--- DATASET SECTION ---

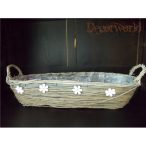 Kosár vessző ovális 45x15x10cm virág dekor natúr barna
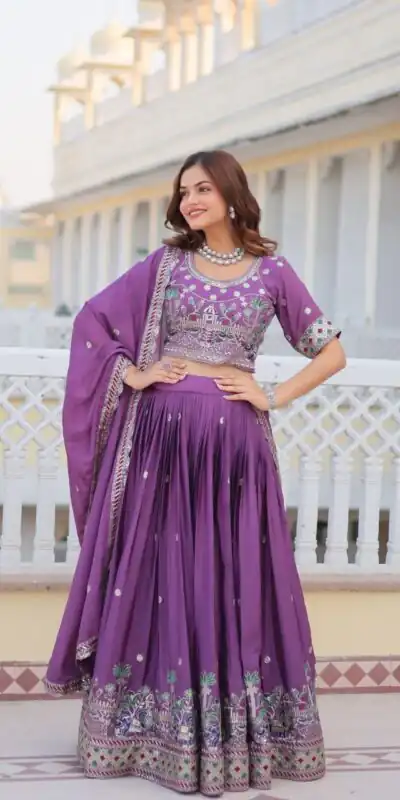 Ram 064 Purple Pure Chinon Lehenga Choli with Embroidery Work. Introductory Price ₹3049. Delivery 4-6 Working Days. Shop now. | Lehenga, Bollywood Lehenga, Creative Lehenga, Designer Lehenga, Embroidered Lehenga, Party Wear Lehenga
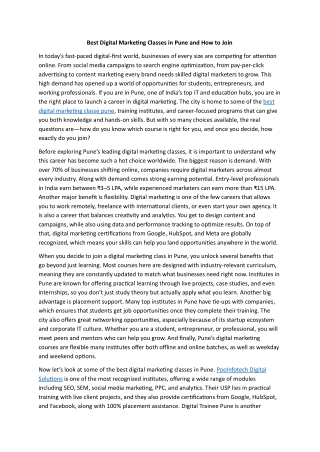 Best Digital Marketing Classes in Pune and How to Join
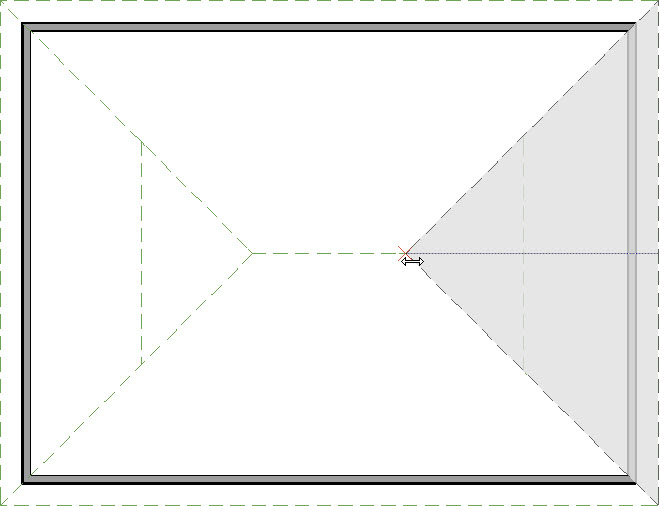 Dragging the smaller side roof planes up to the center to create a triangular roof plane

---

▶ EXERCISE AIM: The answer must consist solely of the lines from the one with "Ram 064 Purple" through the final line of the data, each reproduced exactly and with pictures omitted.

▶ RESULT FOR THIS TASK:
 Ram 064 Purple Pure Chinon Lehenga Choli with Embroidery Work. Introductory Price ₹3049. Delivery 4-6 Working Days. Shop now. | Lehenga, Bollywood Lehenga, Creative Lehenga, Designer Lehenga, Embroidered Lehenga, Party Wear Lehenga
 Best Digital Marketing Classes in Pune and How to Join
 Dragging the smaller side roof planes up to the center to create a triangular roof plane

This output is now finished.